In one entry dated Dec. 26, 2012, 12 days after the shooting, a man said he had been privy to a conversation in which Lanza said he had an assault weapon and was planning to kill children at Sandy Hook Elementary School, and his mother.

The man, whose name was redacted, was so troubled by this information that he reported it to the Newtown Police Department in 2008, according to the document, which was among about 1,500 pages released by the agency on Tuesday. But he said the police told him that “Lanza’s mother owned the guns and that there was nothing NPD could do about it.”

It is unclear what officials could have done to stop the attack at the point they were alerted to Lanza. All firearms in the Lanza home had been legally purchased by Nancy Lanza, whom Adam Lanza shot and killed in her bed the morning of Dec. 14 before going to Sandy Hook Elementary School and fatally shooting 20 children and six staff members. The rampage ended when Lanza, 20, shot and killed himself at the school.

The documents — large portions of which were redacted, including the names of numerous interviewees — include accounts by people who knew the gunman or his mother.
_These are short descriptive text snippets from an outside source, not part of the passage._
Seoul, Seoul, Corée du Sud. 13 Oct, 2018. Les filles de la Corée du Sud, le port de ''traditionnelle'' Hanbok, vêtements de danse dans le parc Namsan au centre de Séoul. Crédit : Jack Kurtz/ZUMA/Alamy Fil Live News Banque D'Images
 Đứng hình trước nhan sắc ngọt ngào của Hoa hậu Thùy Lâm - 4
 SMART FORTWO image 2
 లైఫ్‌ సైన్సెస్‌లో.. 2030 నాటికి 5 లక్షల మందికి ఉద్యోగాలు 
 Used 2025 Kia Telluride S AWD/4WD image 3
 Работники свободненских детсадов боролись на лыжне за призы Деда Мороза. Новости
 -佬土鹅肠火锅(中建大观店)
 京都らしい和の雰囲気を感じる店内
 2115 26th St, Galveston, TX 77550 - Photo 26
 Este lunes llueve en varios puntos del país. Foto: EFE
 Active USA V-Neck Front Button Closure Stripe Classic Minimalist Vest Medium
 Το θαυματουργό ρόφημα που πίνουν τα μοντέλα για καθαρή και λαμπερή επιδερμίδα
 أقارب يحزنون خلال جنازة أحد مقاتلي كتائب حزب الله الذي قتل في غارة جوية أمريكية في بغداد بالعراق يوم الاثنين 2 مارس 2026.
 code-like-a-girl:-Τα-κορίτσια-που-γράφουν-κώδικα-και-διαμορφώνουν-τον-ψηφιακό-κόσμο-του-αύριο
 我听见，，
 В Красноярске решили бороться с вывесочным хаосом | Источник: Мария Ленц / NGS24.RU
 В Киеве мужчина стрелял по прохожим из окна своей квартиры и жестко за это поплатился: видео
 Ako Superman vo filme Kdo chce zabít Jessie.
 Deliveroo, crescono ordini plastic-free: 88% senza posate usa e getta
In one entry, a woman who had connected with Lanza online about 2½ years before the massacre said she knew he had been obsessed with mass shootings.

“Lanza was working on a list, or spreadsheet, meticulously documenting the details of hundreds of spree killings and mass murders,” agents with the FBI wrote of their interview with her. They said he had devoted all his time to researching these events.

The woman said she communicated with Lanza about once a month through the beginning of December 2012, but never heard his voice. He was “the weirdest person online,” she told investigators.

Lanza also portrayed himself to the woman as someone who lived an isolated and uncomfortable life, the investigators noted.

He had shared his thoughts on sexuality and pedophilia with her, saying on the one hand that he hated pedophiles and that they were a threat to children, while also describing “adult/child sexual relationships as possibly beneficial to both.”

A 48-page report released in 2013 by the state’s attorney in Danbury, Connecticut, Stephen J. Sedensky III, stated that Lanza had “materials regarding the topic of pedophilia and advocating for the rights for pedophiles.” The report noted, however, that the materials were not child pornography.

According to the new documents, the woman said Lanza felt “pity for children” and thought they were “brainwashed” by “controlling” adults like teachers and parents. Lanza “felt sorry” for children, according to the woman.

Though she said she never had an indication that he would act out violently himself, she was not shocked that he was the killer, she told investigators.

In one interview, dated Dec. 16, 2012, FBI officials were informed that Nancy Lanza had said that her son had hacked into a government computer system during his freshman year of high school. Nancy Lanza reportedly said that agents from the FBI or the CIA came to their door afterward.

In another entry, recorded on the day of the shooting, an interviewee said Nancy Lanza had told her that Adam Lanza had been “weirded out” by Hurricane Sandy, which struck the Northeast in October 2012, less than two months before the attack.

The storm left the Lanzas without electricity. With “no power in the house, the shooter refused to leave the home and go to a hotel,” the FBI noted. So Nancy Lanza was forced to stay with him, the report said. “He was undoubtedly afflicted with mental health problems,” according to the report.

Lanza was found to have Asperger’s syndrome in 2005, but there is no evidence that people with Asperger’s are more likely to commit violent crimes than others.

The documents also repeatedly underscored the tensions at home between Lanza and his mother, noting that a number of people who knew the mother for years had never met Lanza or even been in their house.

The report states that in November 2012, Lanza’s mother “was concerned about him and said that he hadn’t gone anywhere in three months and would only communicate with her by email, though they were living in the same house.” But she never expressed fear that her son posed a threat.